自分がどう行動するかは、自分自身で決める。誰もがそう思い込んでいるが、じつは多くの人の脳はみずから考えることが嫌いだ。多方面の事象を経済学の視点で分析することで知られる慶應大教授によれば、有名な寺社の隆盛ぶりは、面倒くさがりの脳の機能を巧みに利用しているという。本稿は、中島隆信『お寺の行動経済学』(東洋経済新報社)の一部を抜粋・編集したものです。

自分自身で判断しているように
人間は思わされているだけ

 私たちは何か決断したり行動を起こしたりするとき、深く考えているように見えてじつはそうではない。祈りは、そうした面倒くさがり屋の脳の機能を巧みに利用することによって成立していることが多い。

 最近流行の“ナッジ”ということばをご存じだろうか。“突っつく”という意味で、人間が自由意思に基づいて行動しているように見えながらも、じつは外部からの働きかけによって操られていることをいう。

 有名な事例としては、アムステルダムのスキポール空港の男子トイレで、小便器の内側にハエの絵を描いたところ、利用者が無意識にその場所めがけて用を足すようになったことで清掃費が8割も削減されたというものがある。

 これは、「汚すな」と命令するのではなく、“的があればそこに当てたい”という人間の本能をうまく活用して利用者を誘導した“ナッジ”と解釈される。

 また、タバコのパッケージにその有害性を示す映像(ニコチンで真っ黒になった肺の写真など)をプリントするよう義務づけるというナッジは、タバコの消費を減らし国民の健康に効果がある一方で、消費者の選好を意図的に変更し、選択の自由を阻害するという批判もある。

 さて、ナッジは宗教活動の促進にも効果的である。寺社への参拝は、私たちの行動を変える“きっかけ”となる。

 たとえば、資格取得のための勉強を始めるべきか躊躇していた人が、たまたま神社ののぼり旗が目に入り、学業成就のお守りを買ったことで踏ん切りがつき、本格的に勉強に取り組むようになったり、なかなか禁煙できなかった人が、家族の勧めで健康祈願をしてお札をもらったことでタバコを止めることができたりするケースである。
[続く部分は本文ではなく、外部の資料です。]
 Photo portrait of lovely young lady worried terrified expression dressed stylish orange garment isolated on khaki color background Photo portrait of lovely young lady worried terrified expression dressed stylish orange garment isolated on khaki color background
 祈願をしたからといって神仏から勉強や禁煙を強制されるわけではないが、決断に向けて背中を押してくれたという意味で、こうした祈願はナッジと見なすことができるだろう。

 宗教活動におけるデフォルト・オプションの典型は、葬儀と法事だろう。親族が亡くなったとき、死者を悼む気持ちはあるにせよ、戒名授与、葬儀、初七日、四十九日、一周忌、三年忌等々の法要は行うのがデフォルトとなっている。そうした儀式の宗教的裏付けや“追善供養”の意味などをよく理解している人はほとんどいないのではないだろうか。

 厄除けもナッジの一種だろう。女性は30代、男性は40代に集中している。若さが失われ、ちょうど成人病を意識し始める頃だ。ある程度の年齢を重ねていけば病気にかかるし、不幸が訪れることもあるだろう。